Lawson: Primarily when we talk about Big Data and how enterprise systems, even with CRM (customer resource management), it's more bringing data out rather than changing how they function. Is that correct?
Dyché: Yes, exactly. There are two applications of Big Data. One is to do something brand new that just hasn't been cost effective before and the other is to make something that we're currently doing faster.
Just in the world of SAS, for instance, SAS customers have been doing credit risk scoring for years, but now SAS also has a Big Data platform, it's called HPA. Now with HPA, these guys can do it in seconds. They can predict a risk score and give somebody a credit rating in seconds, as opposed to flogging through this long business process.
So you're right in the sense that we are leveraging existing data, in that BI is still in a lot of ways isolated. But if you look at BI, there's the reporting and dashboard sort of environment and then there’s the advanced analytics environment.

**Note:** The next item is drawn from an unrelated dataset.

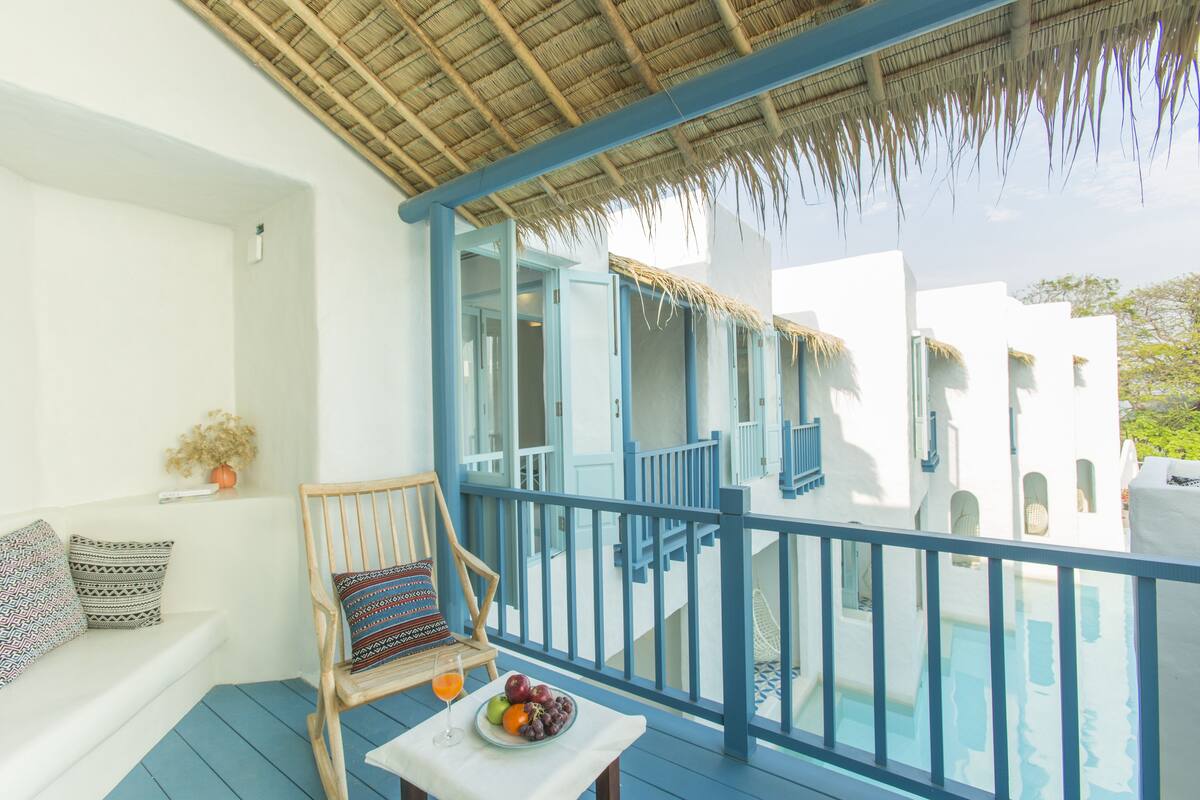 Un balcon doté d’un toit de chaume, une chaise en bois, une table avec des fruits, et une vue sur une piscine et des bâtiments blancs.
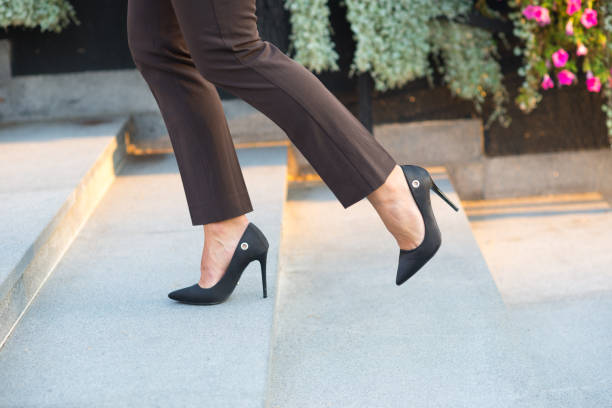 istock Businesswoman walking on the staircase 1202070198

From the advanced analytics standpoint, the Big Data message is a lot more compelling than just putting data into Hadoop so that I can actually access it from my dashboard.

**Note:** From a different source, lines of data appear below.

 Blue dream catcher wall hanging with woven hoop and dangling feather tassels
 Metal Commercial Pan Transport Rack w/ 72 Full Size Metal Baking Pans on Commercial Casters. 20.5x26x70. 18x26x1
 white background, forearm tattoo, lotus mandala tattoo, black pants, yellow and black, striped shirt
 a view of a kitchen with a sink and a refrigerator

Lawson: Can you talk about how that advanced analytics piece of Big Data works and what you see people doing with that?
Dyché: Let's just presume that when we're talking about Big Data, we're talking about the new big data infrastructure landscape, like Hadoop, open source and all that stuff, because there's still people in the data warehousing community that are insisting that Big Data is no more than 1 terabyte on a data warehouse. So just level sitting on that one.
If I'm saying based on yesterday's transaction, who has the potential to defraud me, Big Data’s low-cost commodity hardware, open-source software environment can pay for itself in weeks or months. Depending on what the business is trying to do with products, what we’ve seen in the automobile industry is it can pay for itself in terms of getting out in front of product defects and avoiding recalls.

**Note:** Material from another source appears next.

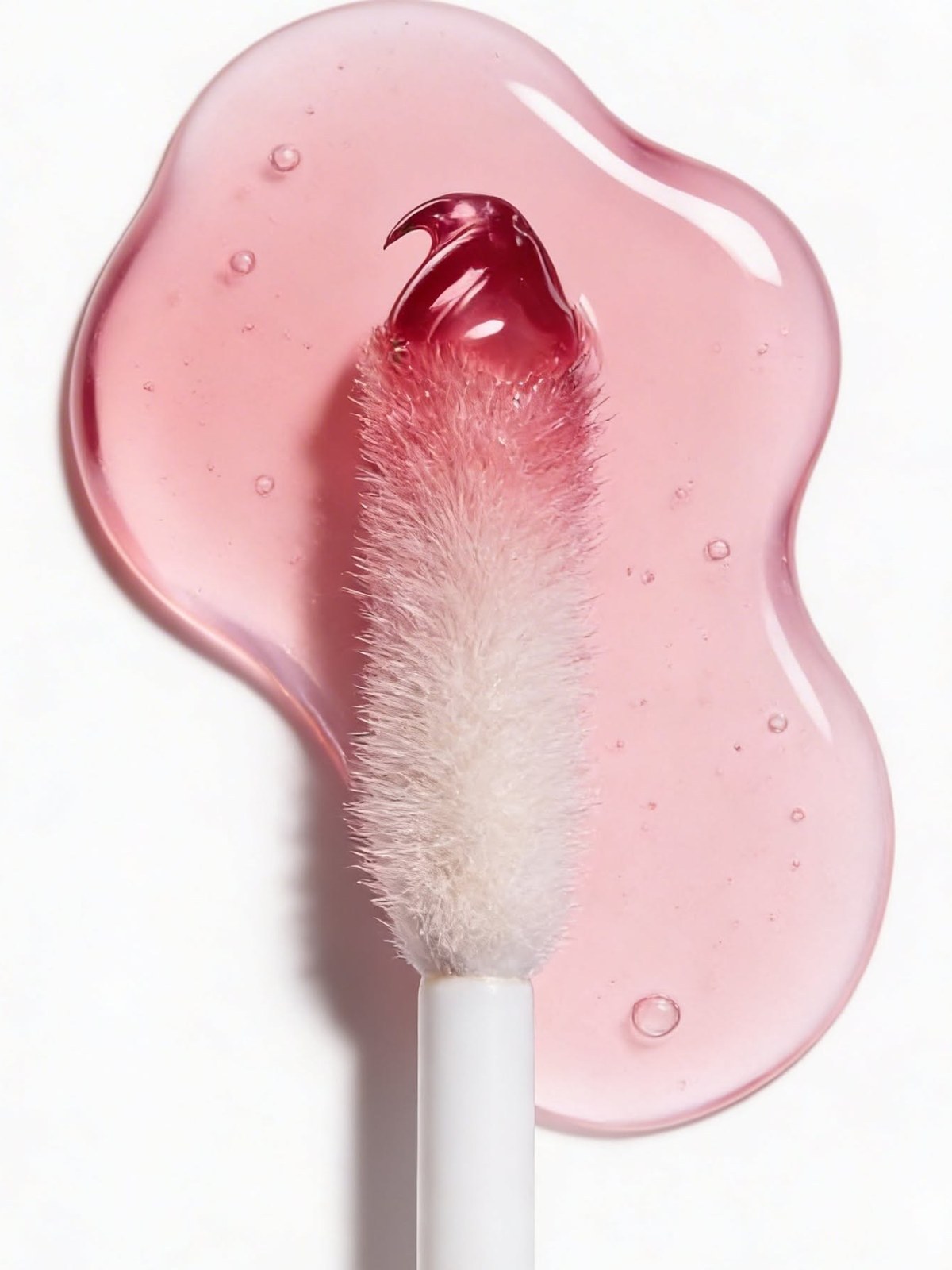Pink lip oil swatch with a fluffy white applicator resting in the clear pool of product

I think the general rule of thumb -- and I don't want to generalize too much with Big Data because there's all sorts of new stuff going on -- but the more computational-intensive the processing is, the more compelling the new technologies are.
Lawson: We talk a lot about a talk or skill gap with Big Data. I've seen offerings for templates. Are BI tools changing the way they work to handle some of that? I know there are connectors, but what else is being done to make Hadoop user-friendly?
Dyché: Two things there. The first one is that most of the BI vendors are supporting connectors into Hadoop now, so essentially the Cognos and the Business Objects of the world can use Hadoop as a data source. If I've got specialized data on Hadoop that may or may not be on my data warehouse platform, which is pretty normal in Hadoop environments, then my BI tools can go against Hadoop as well.
The other scenario is that the BI vendors also understand with the Big Data infrastructure, there's a consumability issue, hence the rise of the data visualization tools. SAS has visual analyzer, there's ClickView, there's Tableau -- all are making their user interfaces a lot friendlier because of the need to be able to consume the data by the average user.
There’s this term, the “democratization of data analytics,” because we can't rely on specialty "data scientists" to help us translate the data in our Hadoop environments to make it meaningful. The scale is just too massive to rely on individual talent sets for that.
I'm writing a research report right now with Tom Davenport and we've talked about the data scientist role. What we're finding on the ground with our customers is the expectations for that individual role are so lofty, it's just become completely impractical to expect any one person to understand the data, understand the data sources, understand the data integration rules, understand the business rules, understand the meta data, understand the data access, understand data privacy, understand data security, understand how to cleanse the data, et cetera, et cetera.
It's a fun thing to talk about, but on the ground, the specifics of the role are very unclear. In the worst-case scenario, we're setting people up for failure.
Lawson: It sounds like distributing computing needs distributed human resources.
Dyché: One of my messages at Gartner (conference) was the whole data governance, master data management, data quality era is in the early adopter stage. Those of us in the BI and data warehousing community see it as commodity skills, but in the Big Data community, this stuff is new to people. You go to a Big Data conference and people are talking about either platform or applications. They're not talking about data, ironically.
It’s fascinating -- they don't have these skills. They know how to get data into a cluster and use MapReduce and parallelize stuff and acquire and customize certain open source code and list service providers for that. But they don't necessarily know how to manage data. So it's a huge career growth opportunity for people with classic data management training.